Бася никак не могла допытаться и увела Эву вместе с Зосей Боской в свою спальню и там снова настаивала:
– Эвка! Говори скорее! Скорей, скорей, скорей! Ты его любишь?
Лицо панны Эвы пылало. Это была черноволосая и черноокая девушка с горячей кровью, и кровь эта при каждом упоминании о любви волной приливала к ее щекам.
– Эвка, – говорила уже в десятый раз Бася, – ты его любишь?
– Не знаю, – отвечала панна Нововейская после минутного колебания.
– Но ты не отрицаешь? Ого! Уж я знаю!

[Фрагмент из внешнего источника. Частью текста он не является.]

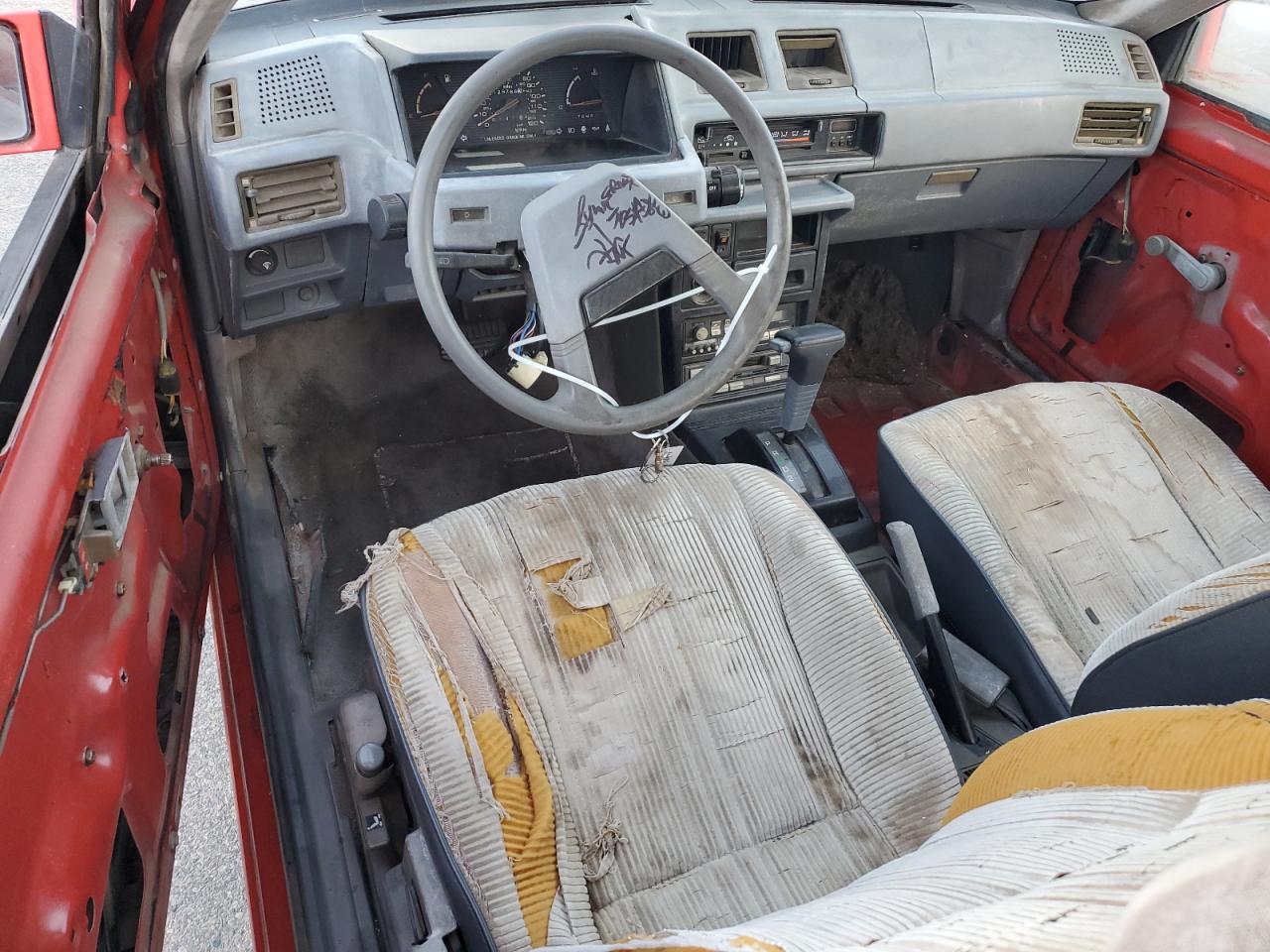 1988 Dodge Colt Dl VIN: JB3BA34K9JU080994 Lot: 84350235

Ты не дрожи… Я сама сказала Михалу, что люблю его, и ничего… и хорошо… Вы, должно быть, прежде ужасно любили друг друга. А, теперь я понимаю! Это он с тоски по тебе всегда такой угрюмый, как волк. Чуть не иссох бедняга! Что произошло между вами? Говори!
– В кладовой он мне сказал, что любит меня, – шепнула панна Нововейская.
– В кладовой? Вот как! А потом что?
– Потом схватил меня и начал целовать! – продолжала еще тише панна.
– А чтоб его! А ты что же?
– А я боялась закричать.
– Боялась закричать! Слышишь, Зоська… Когда же открылась ваша любовь?